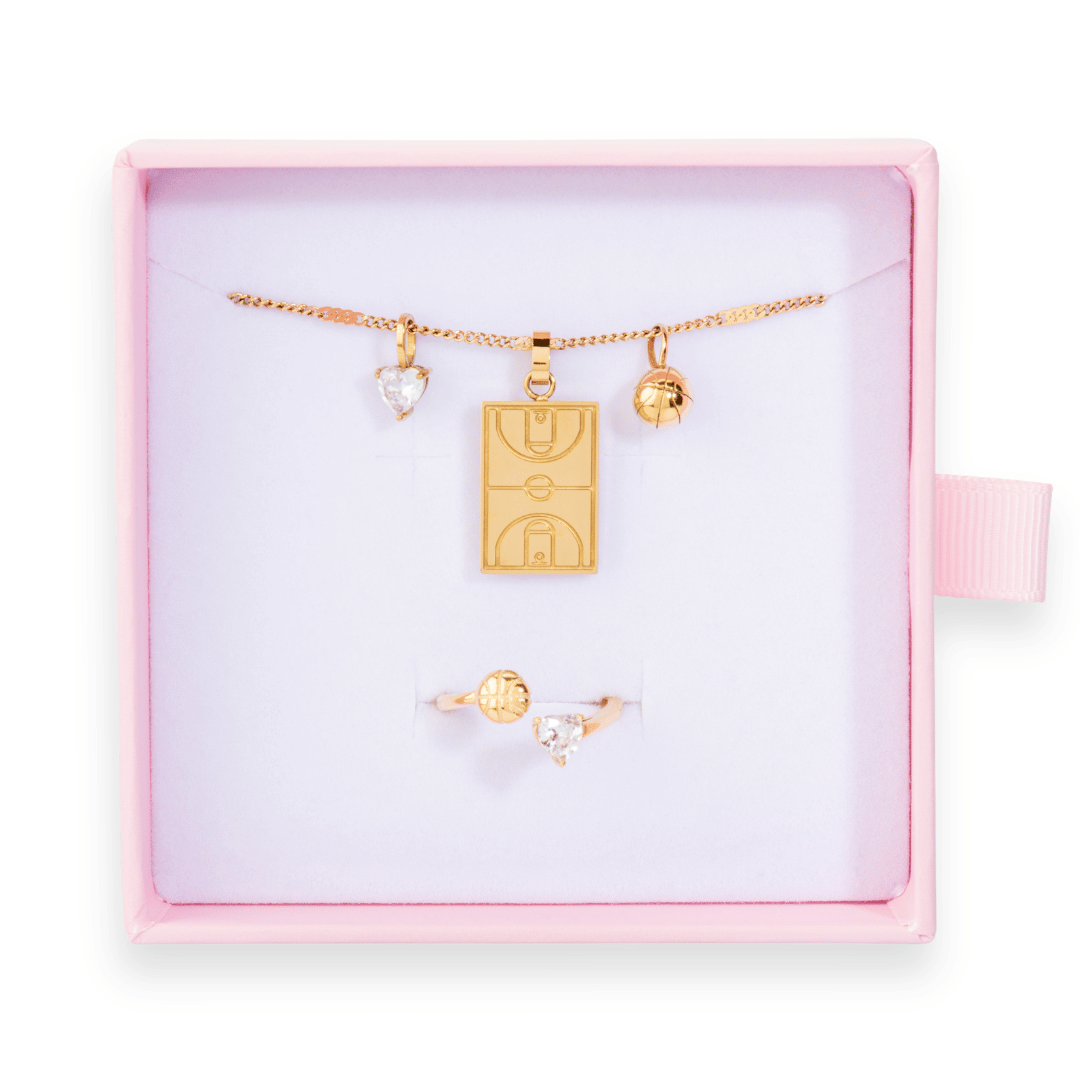 Gold Follow Through bundle with Home Court basketball necklace, and diamond basketball ring in pink gift box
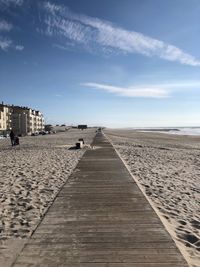 Surface level of beach against sky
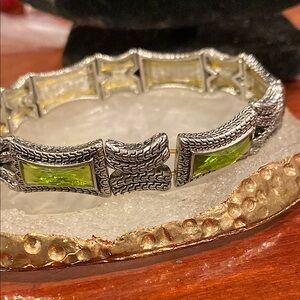3/$10 Silver Tone Stretch Bracelet with Green Cabochons.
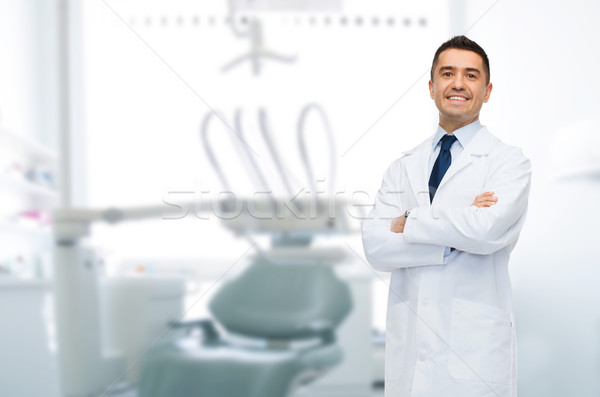 smiling male middle aged dentist Stock photo © dolgachov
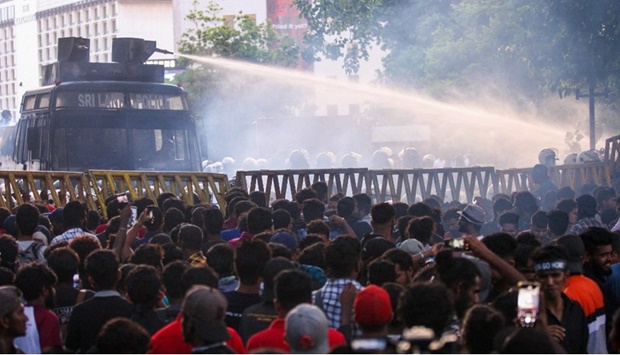 Police use a water canon to disperse demonstrators taking part in an anti-government protest demanding the resignation of Sri Lanka's President Gotabaya Rajapaksa over the country's crippling economic crisis, in Colombo on July 8, 2022. 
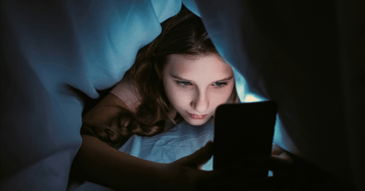 young girl under covers facing tablet blue screen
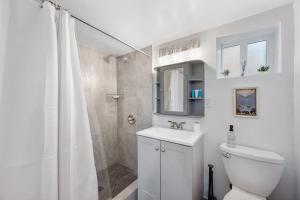 a white bathroom with a toilet and a shower at Beautiful Work Stay Retreat in Pueblo Near Downtown in Pueblo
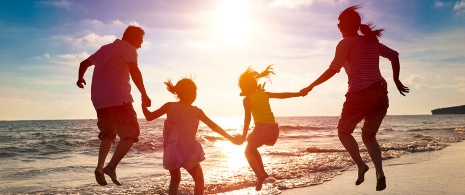 Una famiglia mentre si diverte sulla spiaggia al tramonto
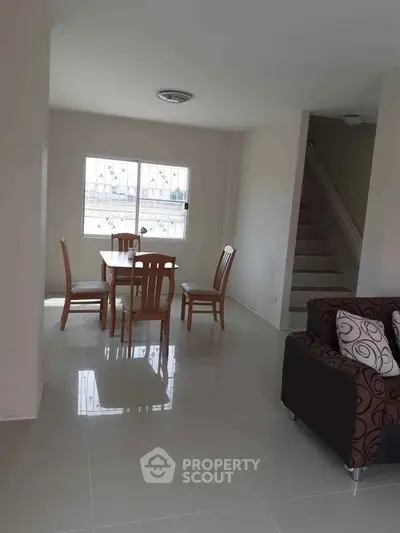 Spacious living area with dining set and modern staircase in a bright home interior.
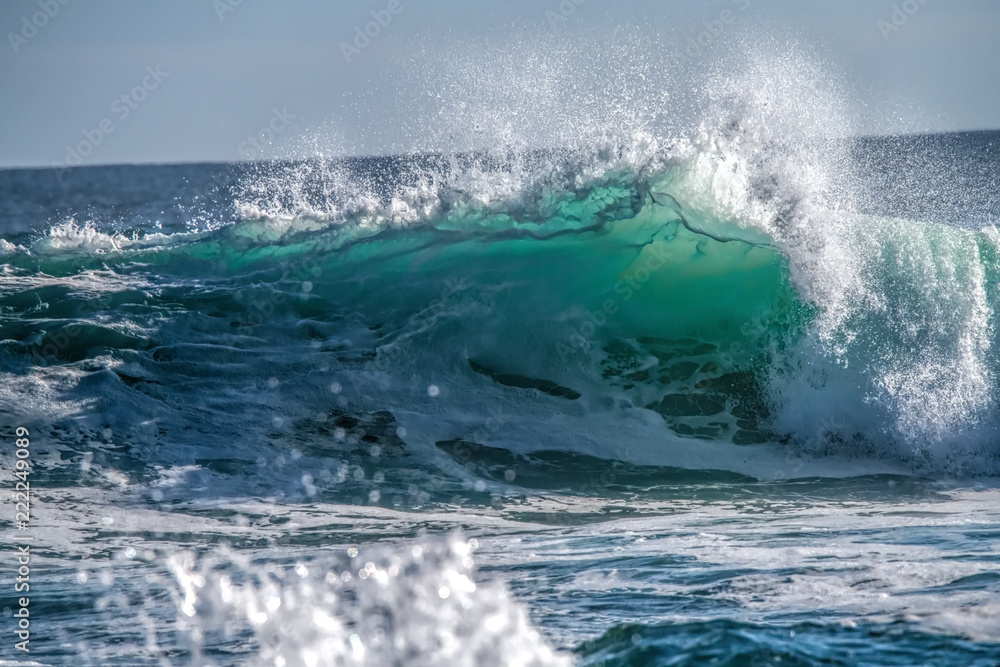 Turquoise blue wave breaking and spray Turquoise blue wave breaking and spray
****
Extract only the lines from the one that contains "a white bathroom" through the end of the records, inclusive, and omit every picture.

» **Your solution**
 a white bathroom with a toilet and a shower at Beautiful Work Stay Retreat in Pueblo Near Downtown in Pueblo
 Una famiglia mentre si diverte sulla spiaggia al tramonto
 Spacious living area with dining set and modern staircase in a bright home interior.
 Turquoise blue wave breaking and spray Turquoise blue wave breaking and spray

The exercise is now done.